- _Action item_
Reproduce the opening lines of the listing below exactly, stopping after the line that contains "Additionally, your potential" and leaving out any pictures.

- _Dataset section_
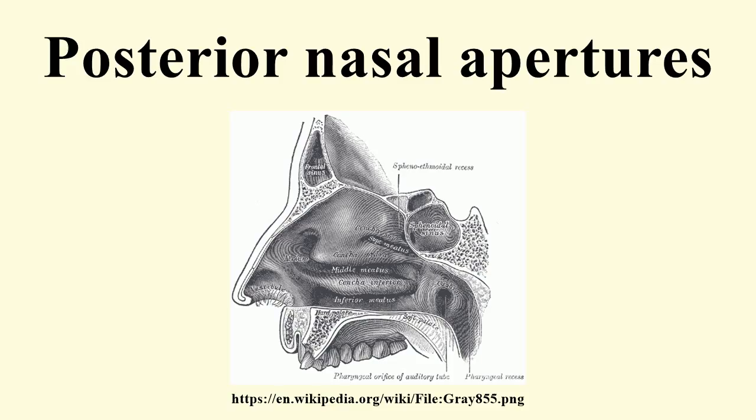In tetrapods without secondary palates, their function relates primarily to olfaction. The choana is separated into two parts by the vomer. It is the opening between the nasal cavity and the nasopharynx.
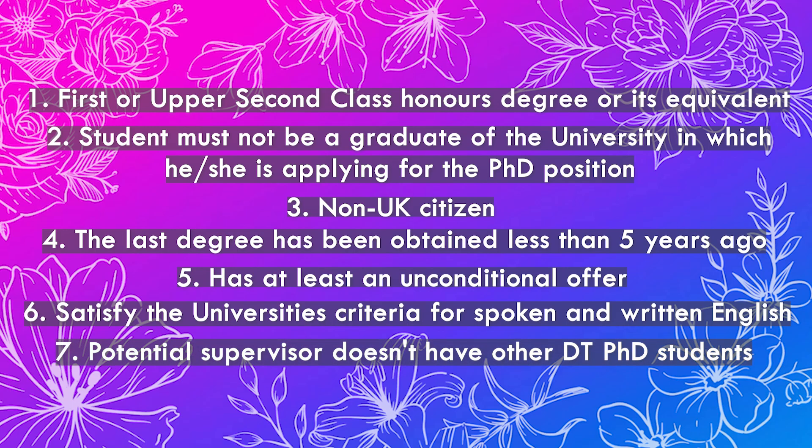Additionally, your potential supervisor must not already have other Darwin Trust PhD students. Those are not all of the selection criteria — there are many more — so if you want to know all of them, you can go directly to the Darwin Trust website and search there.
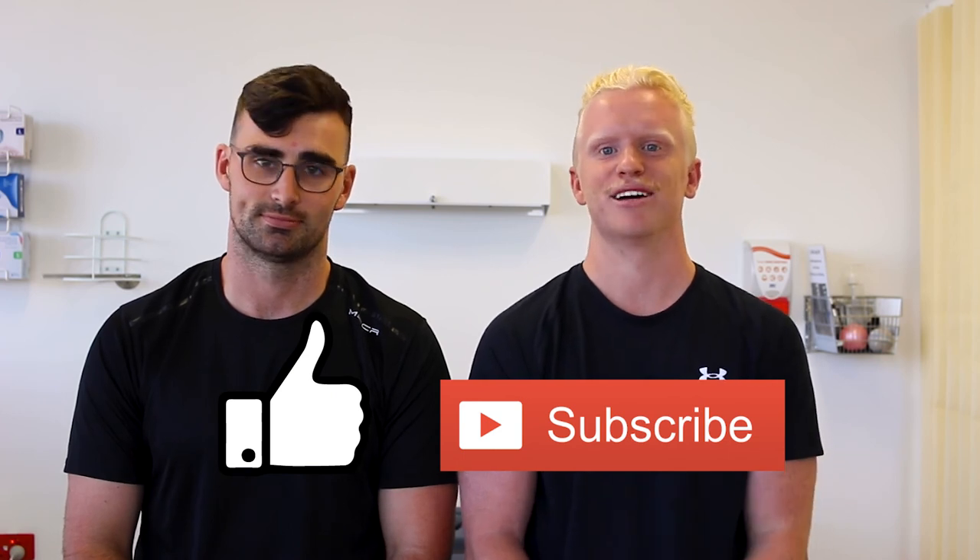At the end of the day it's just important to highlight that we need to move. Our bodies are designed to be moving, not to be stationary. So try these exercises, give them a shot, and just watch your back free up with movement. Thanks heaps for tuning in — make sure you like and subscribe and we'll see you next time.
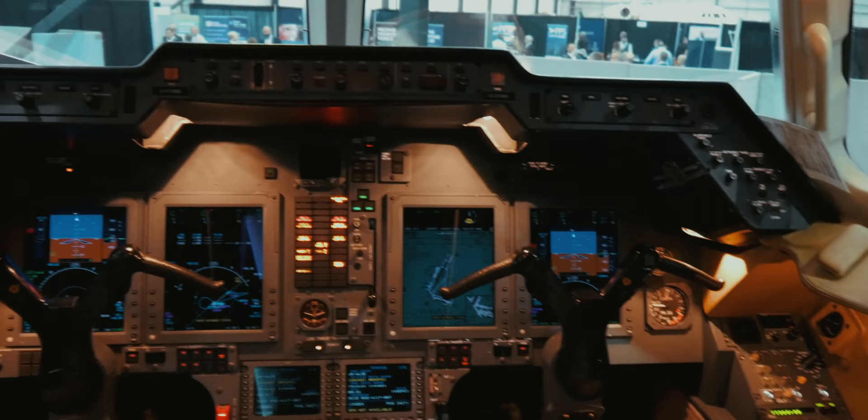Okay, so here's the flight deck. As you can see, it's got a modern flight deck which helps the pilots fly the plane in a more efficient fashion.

- _Output of the exercise_
In tetrapods without secondary palates, their function relates primarily to olfaction. The choana is separated into two parts by the vomer. It is the opening between the nasal cavity and the nasopharynx.
Additionally, your potential supervisor must not already have other Darwin Trust PhD students. Those are not all of the selection criteria — there are many more — so if you want to know all of them, you can go directly to the Darwin Trust website and search there.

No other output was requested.